Repeat each line of the data below exactly, but skip the pictures.

**Dataset extract**
══════════════════════════════
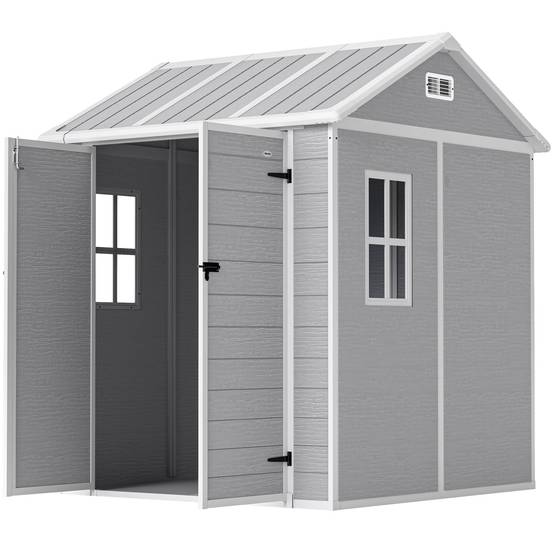 Sans Marque - Abri jardin résine plancher 2 portes verrouillables fenêtre 1,8x1,8 m gris - Image 2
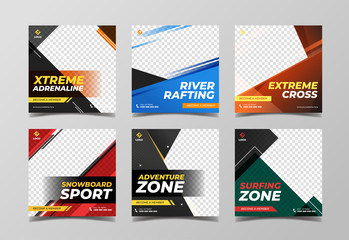 Extreme sport square banner template. Promotional banner for social media post, flyer and web banner - obrazy, fototapety, plakaty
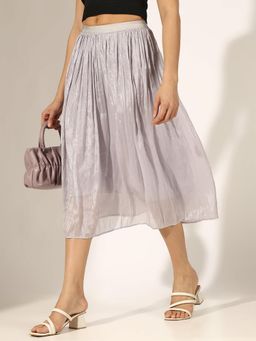SHOWOFF - Embellished Lavender Flared Midi Skirt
══════════════════════════════
**Output of the exercise**
 Sans Marque - Abri jardin résine plancher 2 portes verrouillables fenêtre 1,8x1,8 m gris - Image 2
 Extreme sport square banner template. Promotional banner for social media post, flyer and web banner - obrazy, fototapety, plakaty
SHOWOFF - Embellished Lavender Flared Midi Skirt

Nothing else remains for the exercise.